Попробуйте представить: Ассоль в лагере. Постаревшая. Пережившая Грэя. И все же прежняя. Она хранила его портрет, Помнила его «настоящим» — таким, каким был с нею и в своих книгах — наперекор иным мемуаристам, рисующим его мрачным неотесанным пьяницей. Кто знает мужа лучше, чем жена? Жена Грина говорила о нем так, что даже те из лагерников, кто относился к нему холодно, бывало, превращались в почитателей его творчества.
Это не сентиментальная зэковская байка: так было. Я знаю об этом от Елены Алексеевны Ильзен-Грин (совпадение фамилий случайно), хорошего поэта, тонкого ценителя литературы, умного, веселого и правдивого человека, тоже прошедшего лагерь. Кстати, она, наделенная редкостной памятью и даром рассказчицы, часто пересказывала товарищам по несчастью прочитанные книги. Среди тех, что пользовались особенным успехом, была гриновская «Жизнь Гнора» — насыщенная событиями, жгучая повесть любви и предательства, соперничества и мести. Страшноватая. Но с хорошим концом. Люди, когда им совсем худо, ценят это.
ТАМ И ЗДЕСЬ
Здесь страшно, темно… Скоро будет еще темнее.
Там — Арвентур.
Сплетник, выдумавший, будто Грин похитил сундук мертвеца с рукописями вместо пиастров и произошло это злодеяние близ Зурбагана и Сан-Риоля, по-видимому, смыслил в географии не больше Митрофанушки. Таких городов нет ни на одной карте. Нет там и Гель-Гью, на праздничных улицах которого совершаются таинственные события романа «Бегущая по волнам», нет ни Гертона и Покета, где живет и гибнет Давенант из «Дороги никуда», ни Лисса, где Грэй ходит по лавкам, выбирая шелк для алых парусов, а лоцман Битт-Бой, по прозвищу Приносящий счастье, навек прощается с сушей, уходя с свое последнее плавание («Корабли в Лиссе»).

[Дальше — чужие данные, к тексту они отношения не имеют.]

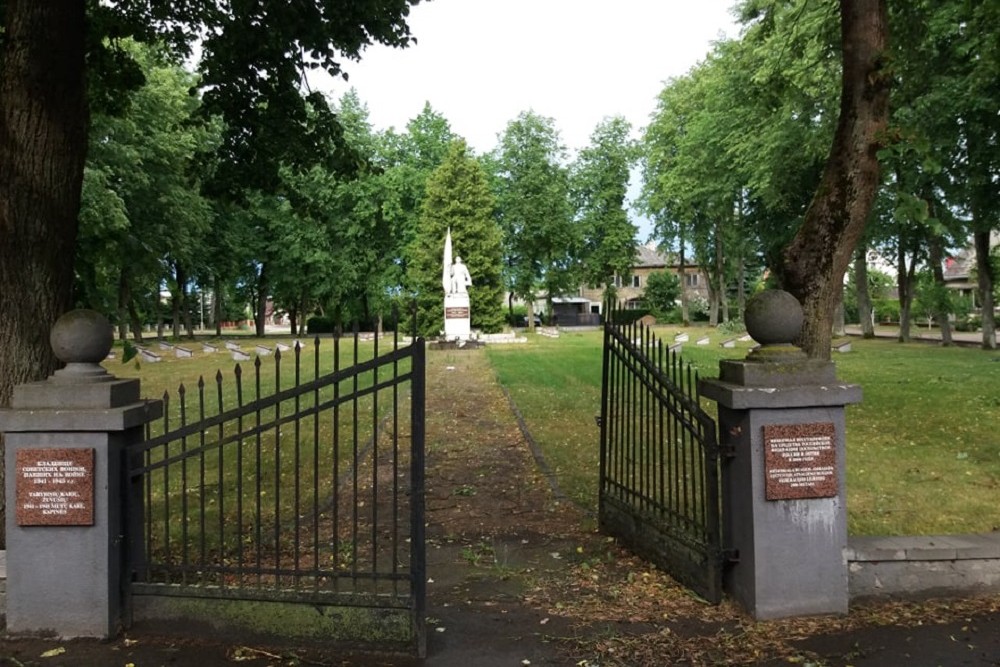 Soviet Cemetery WWII Prienai #1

Между тем мир, в котором действуют герои его романов и новелл, был для автора реален, как собственная квартира (впрочем, подобной собственности Грин как раз и не имел: постоянная крыша над головой у него появилась лишь в конце жизни). Знавшие писателя утверждали, что в его представлении это была не просто выдуманная местность, «которую можно как угодно описывать», не зыбкий мираж — она существовала «в определенном, неизменном виде». Э. Арнольди, литератор-современник, вспоминает, что однажды по его просьбе Грин рассказал, как пройти из Зурбагана в одно из окрестных селений, также упоминавшихся в гриновских книгах.
Он говорил, — вспоминает Арнольди, — «спокойно, не спеша, как объясняют хорошо знакомую дорогу другому, собирающемуся по ней пойти. Он упоминал о поворотах, подъемах, распутьях, указывал на ориентирующие предметы вроде группы деревьев, бросающиеся в глаза строения и т. п. Дойдя до какого-то пункта, он сказал, что дальше надо идти до конца прямой дорогой».

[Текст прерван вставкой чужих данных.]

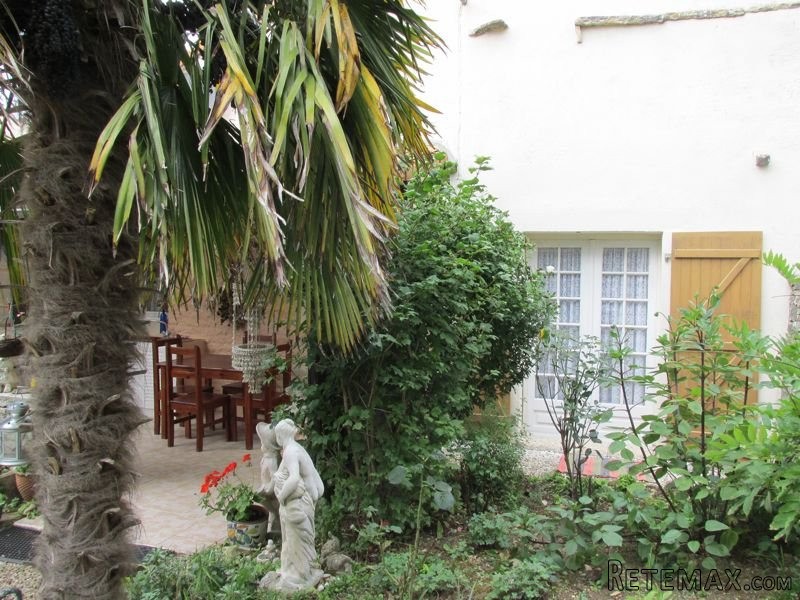 3 Bed Stone House, Barn And Garden - 2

Впрочем, не забудем: Грин при всей своей суровой замкнутости был изрядным мистификатором. Поэтому заинтригованный слушатель пожелал проверить, была ли то импровизация или распутья, строения, холмы придуманного края впрямь отпечатаны в сознании своего творца с ясностью и постоянством реальных картин. Он постарался запомнить зурбаганскую дорогу, а спустя какое-то время попросил Грина рассказать о ней еще раз. И он узнал ее — дорога, несомненно, была та самая.

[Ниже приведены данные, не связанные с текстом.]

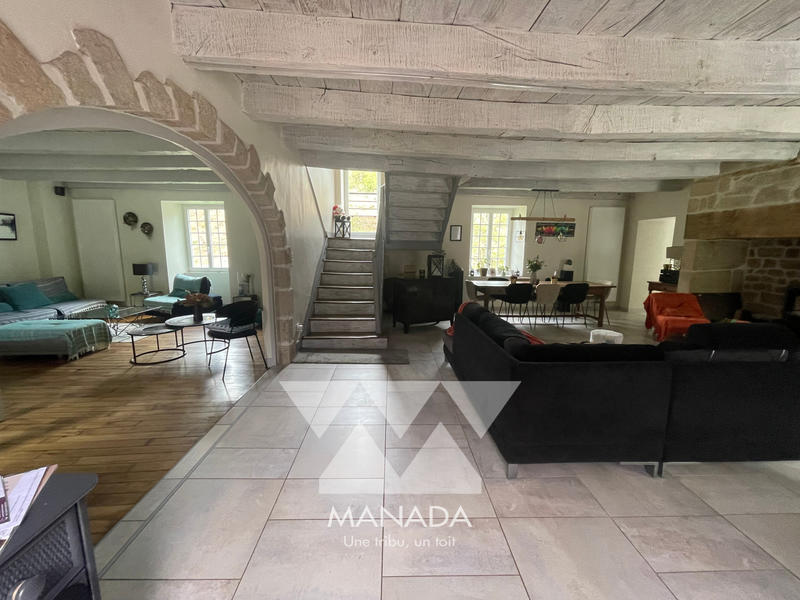 Maison - 225 m² - 6 pièces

Фантастические страны существуют в литературе испокон веку. Достаточно вспомнить «некоторые царства», подземные, подводные, заоблачные края мифов и фольклорных сказок, диковинные местности, где странствовали рыцари Круглого Стола, путешествовал свифтовский Гулливер, обитали герои Рабле. Даже в советской детской литературе можно уловить отголоски этой древней традиции, только у нас она обычно переосмыслялась или подчеркнуто иронически, как в «Швамбрании» Л. Кассиля, или уж очень сентиментально, как у М. Шагинян в «Повести о двух сестрах и волшебном стране Мерце», хотя обе книжки не бесталанны.